Passata la ex centrale nucleare Enrico Fermi di Trino Vercellese (una visione quasi surreale), il GPS torna sulla traccia originale e il percorso si snoda tra le risaie il cui verde intenso fa contrasto con l’azzurro limpido del cielo. Il caldo aumenta e l’umidità toglie il fiato. Le uniche forme viventi che incontro per decine di chilometri sono aironi (garzette di un bianco intenso, aironi bianchi maggiori, guardabuoi e cenerini), ibis sacro, poiane in caccia e… zanzare, nuvole di zanzare anch’esse in caccia che tentano in tutti i modi di fermare la bici per cibarsi del malcapitato ciclista solitario.

Le gambe girano bene, i chilometri si snodano, la serenità data dalla routine aumenta permettendo alla testa di liberarsi dai pesi accumulati. Scavalcato il fiume Sesia entro ufficialmente in Lombardia, o meglio nella Lomellina. Raggiungo Breme, l’iniziale meta odierna e mi concedo una birretta gelata. Durante la sosta decido di proseguire per alcuni chilometri oltrepassando Sartirana Lomellina, dominata dal bel Castello Visconteo risalente alla fine del 1300.
Sono le 18:00, mi fermo e inizio ad allestire il campo per la notte, una nuova routine. Montata la tenda ed effettuata una pulizia corporale (sommaria) sono pronto per preparare la cena: riso ai funghi, carne in scatola, dolce e frutta. Stranamente le zanzare tacciono, ma presto scopro che è solo una tregua dovuta al cambio di guardia tra quelle diurne e quelle notturne. Un magnifico tramonto mi accompagna dolcemente durante la cena. Sono le nove (e tutto va bene), buonanotte!

La centrale nucleare Enrico Fermi di Trino Vercellese - Foto di Gianluca Dalmasso
Il campo al tramonto nei pressi di Sartirana Lomellina - Foto di Gianluca Dalmasso

Giorno 2: da Sartirana Lomellina (Pavia) a Guzzafame (Lodi) 109 km (+35) - Lunedì 5 settembre 2022

La notte scorre tranquilla, dormo il meritato sonno di chi ha fatto il suo dovere. La sveglia suona alle 6:15, faccio l’appello e pare che tutte le parti del corpo rispondano in modo corretto. Esco dalla tenda e stendo il sovratelo ad asciugare dalla condensa notturna.
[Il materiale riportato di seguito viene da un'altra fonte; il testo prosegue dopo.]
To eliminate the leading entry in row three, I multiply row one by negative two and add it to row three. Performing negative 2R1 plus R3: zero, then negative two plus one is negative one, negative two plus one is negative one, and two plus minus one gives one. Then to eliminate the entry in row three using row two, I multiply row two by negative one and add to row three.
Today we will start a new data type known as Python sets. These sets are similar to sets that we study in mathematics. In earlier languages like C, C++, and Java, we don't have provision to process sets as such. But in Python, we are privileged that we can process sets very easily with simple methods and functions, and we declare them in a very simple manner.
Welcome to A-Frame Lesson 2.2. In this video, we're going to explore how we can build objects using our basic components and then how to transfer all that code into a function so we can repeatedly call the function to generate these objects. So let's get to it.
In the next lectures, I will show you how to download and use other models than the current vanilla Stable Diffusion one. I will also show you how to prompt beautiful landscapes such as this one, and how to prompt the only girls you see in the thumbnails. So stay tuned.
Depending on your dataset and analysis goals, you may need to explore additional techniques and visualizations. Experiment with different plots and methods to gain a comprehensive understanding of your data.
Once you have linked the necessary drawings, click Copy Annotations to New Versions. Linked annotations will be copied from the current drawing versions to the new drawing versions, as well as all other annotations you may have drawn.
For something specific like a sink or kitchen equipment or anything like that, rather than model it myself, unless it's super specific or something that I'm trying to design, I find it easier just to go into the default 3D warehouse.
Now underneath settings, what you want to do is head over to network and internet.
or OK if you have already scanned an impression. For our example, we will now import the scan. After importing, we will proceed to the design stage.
L’alba mi vede impegnato nei preparativi della colazione: pane e marmellata, frutta e una barretta proteica. Ricompongo il carico sulla bici e parto. Nella notte ho utilizzato il power bank per ricaricare telefono e GPS, sono in rotta e connesso.

Raggiungo Lomello e mi concedo la seconda colazione in stile Hobbit: caffè e un paio di croissant appena sfornati. Ricarico le borracce e le due bottiglie di scorta con acqua fresca e procedo nella routine diurna: pedalare, pensare, guardare. Ripetere.
Il paesaggio varia poco dal giorno precedente: risaie a perdita d’occhio, intervallate ora da campi di soia. Canali e rogge portano acqua ovunque, creando geometrie spigolose e luccicanti nella luce tersa del primo mattino.

Ancora nessun segnavia, mi rendo conto che senza GPS sarei fermo al palo: una cartina tradizionale forse sarebbe stata difficile da seguire e mi avrebbe obbligato a moltissime soste. La strada su cui pedalo è per lo più sterrata, sconnessa e faticosa, in alcuni tratti mi ritrovo al limite dell’equilibrio, obbligato a tenere gli occhi fissi sui pochi metri che precedono la ruota al fine di evitare cadute. Salvo il barista taciturno durante la breve pausa caffè non incontro nessuno: i paesi che attraverso sembrano abitati da fantasmi.

A mezzogiorno raggiungo Pavia e mi fermo per una pausa nei pressi del ponte coperto sul Ticino. La zona è molto pittoresca: lungo il fiume sorge un borgo di casette colorate dove un tempo vivevano le lavandaie che si recavano al fiume per lavare i panni. In loro memoria è stata posta una suggestiva statua in bronzo.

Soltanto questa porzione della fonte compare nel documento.